Tail-Recursion Elimination
Quickselect makes one recursive call; this happens at the end of the algorithm. Thus, Quickselect can easily be converted to an iterative algorithm using tail-recursion elimination.
The effect on Quickselect’s space usage is significant. The worst-case recursion depth of Quickselect is linear, resulting in linear additional space usage for the unoptimized algorithm. But when the recursion is eliminated, The only space required by Quickselect beyond that used to store its input is a few bytes to hold local variables. The result is constant additional space usage; that is, with this optimization, Quickselect is in-place. (Note: Our next optimization will greatly decrease the worst-case time usage, but will make the algorithm no longer in-place.)
Introselect
In a 1997 paper, David Musser, an algorithms researcher at the Rensselaer Polytechnic Institute, introduced an important algorithmic idea. He proposed an optimization for algorithms with good average-case performance but poor worst-case performance. The idea, which he called introspection, is that an algorithm monitors its performance; if this looks poor, then it switches to an alternate algorithm, one with a better worst case. This technique is particularly useful for algorithms like Quicksort and Quickselect.
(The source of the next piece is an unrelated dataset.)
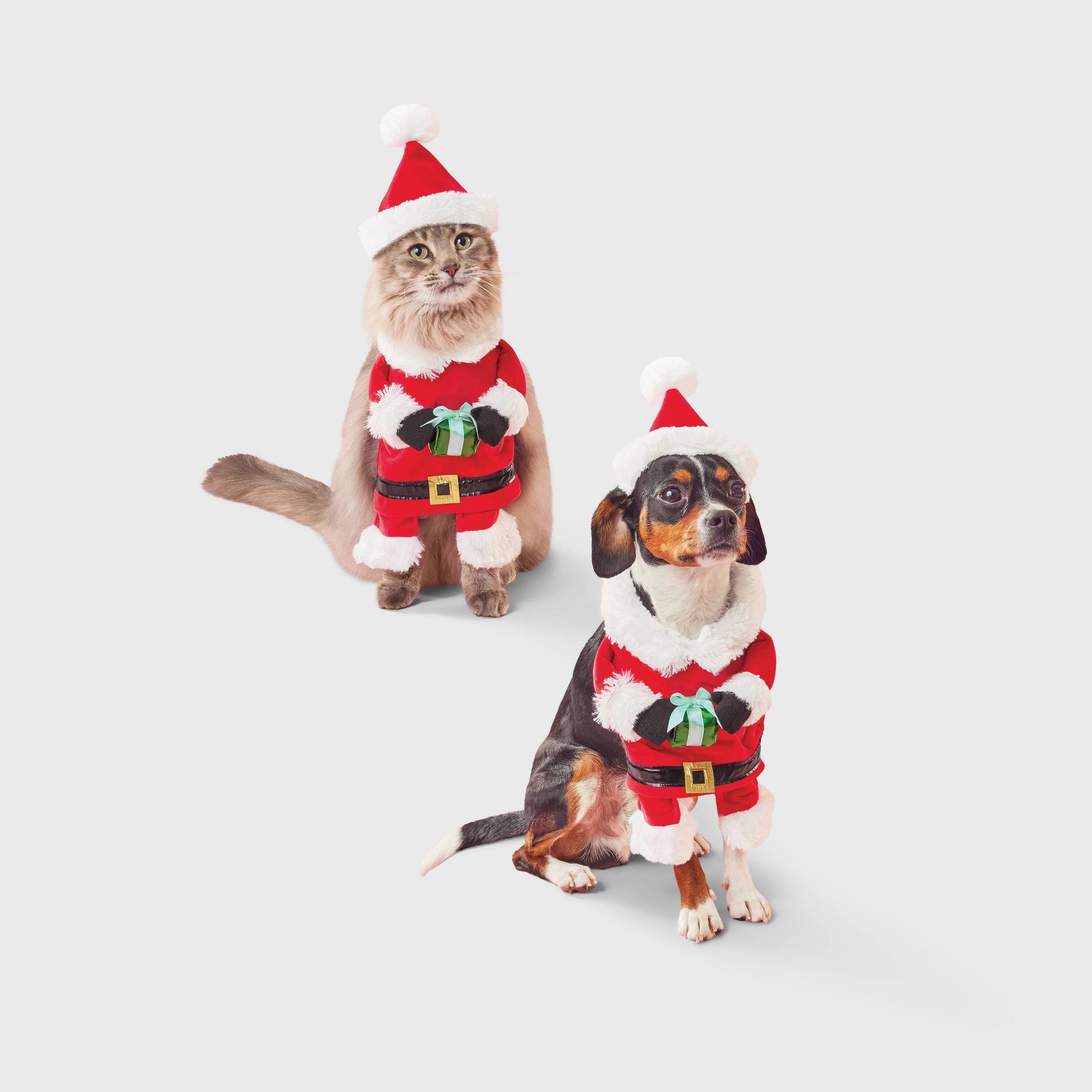 Santa Paws Dog and Cat Frontal Costume - Boots & Barkley™ Red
In order to do introspection, we must answer two questions.
- How do we decide when performance is poor?
- What alternate algorithm do we switch to?
For Quickselect, the first question is tricky. For typical data, we expect the recursion depth of Quickselect to be around \(\log_2 n\). We could monitor the recursion depth (counting eliminated tail calls as recursive calls) and switch to a linear-time selection algorithm if the depth exceeds, say, \(2\log_2 n\). This would result in a \(\Theta(n\log n)\) worst case—better than the quadratic worst case of ordinary Quickselect, but worse than the linear-time behavior of our alternate algorithm. A better strategy is to keep track of the sum of the sizes of the ranges handled so far. If this total exceeds \(kn\), for some small positive constant \(k\) (Musser never specified a value for \(k\)), then switch to the alternate algorithm. This approach gives a \(\Theta(n)\) worst case.
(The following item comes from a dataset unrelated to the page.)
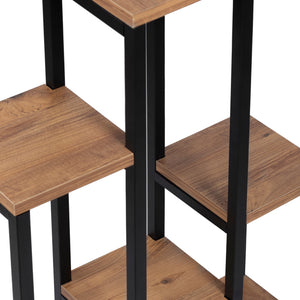 Pflanzregal Rosenholm mit 6 Ablagen Holzfarben [en.casa]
For Quickselect, the usual alternate algorithm (second question above) is actually a variation on Quickselect itself; the only difference is that we use a sophisticated pivot-choice method. This algorithm is called Median-of-Medians Selection; it may also be referred to as Blum-Floyd-Pratt-Rivest-Tarjan Selection, or BFPRT, after the authors of the 1973 paper that introduced it.
Pivot choice in Median-of-Medians Selection works as follows. The list is chopped into pieces of size \(5\); one of the pieces may need to be smaller. For each piece, we find its median (this is easy). Then all these medians are moved to the beginning of our list, using swap operations, to make a little list. We then find the actual median of this little list, using a recursive call to our selection algorithm (Median-of-Medians Selection). The item returned by this recursive call is used as the pivot for the usual Quickselect method.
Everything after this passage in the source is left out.